В фойе пивной, когда я туда пришел, за столом сидела толстая тётка-администратор. Рядом с ней тосковал молодой, но уже с брюшком, парень, с нездоровым бледным лицом. Он мучился похмельем, стонал, и время от времени говорил: «Как мне плохо…».
За мной в фойе зашли мужчина с женщиной лет тридцати, то ли из «центровых», то ли из «фарцы». Мужчина был холеный, в дубленке, в дорогой меховой шапке, эдакий плейбой конца семидесятых, но лицо у него было слегка одутловатое, как у часто пьющего человека, с мешками под глазами. На женщине было черное приталенное пальто, она была тоща и стервозна, а лица ее я не заметил, потому что оно было почти скрыто под меховой шапкой. Они поприветствовали тетку и парня, назвав их по именам, и стали оживленно разговаривать с ними.
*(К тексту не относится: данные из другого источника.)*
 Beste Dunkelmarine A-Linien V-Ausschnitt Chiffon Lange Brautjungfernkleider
Сдав куртку в раздевалку, я пошел вдоль огромных, похожих на арки окон, выискивая местечко за большими столами. Мест не было. Народ сидел плотно, плечом к плечу. Я прошелся мимо столов еще раз. Мест, по-прежнему, не было. За одним столом гуляла компания кавказцев, человек пять, мужчины и женщины, похоже, это были грузины. Я вернулся в фойе, и стоял там, раздумывая, не отправиться ли мне на поиски обычного пивного ларька, так как мне не понравился ни многолюдье, ни вокзальный гомон, ни пласты дыма над столами.
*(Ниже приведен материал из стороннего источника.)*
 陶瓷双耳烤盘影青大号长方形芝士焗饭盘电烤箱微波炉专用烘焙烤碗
Вдруг где-то за столами, откуда я ушел, раздались крики, звон разбитого стекла, и в фойе выскочили мужчина с женщиной, те, что за несколько минут до этого разговаривали в фойе с администратором и страдающим от похмелья парнем. Мужчина быстро прошел к пожарному щиту, висевшему неподалеку от меня, и сорвал с него пожарный топорик. Я тогда подумал - кто это додумался в пивной на пожарном щите повесить топорик? Они бы еще пулемет повесили. В это время в фойе выскочил разъяренный молодой грузин. Руки у него были окровавлены, в одной руке он держал пивную кружку. Мужчина, размахивая топориком, и прикрывая собой подругу, быстро пошел к выходу. Грузин, увидев топорик, и поняв, что в схватке шансов у него не будет, что-то крикнул, и запустил в плейбоя пивной кружкой. Кружка ударилась о стену, осыпав все вокруг осколками. Захотелось залечь и начать окапываться.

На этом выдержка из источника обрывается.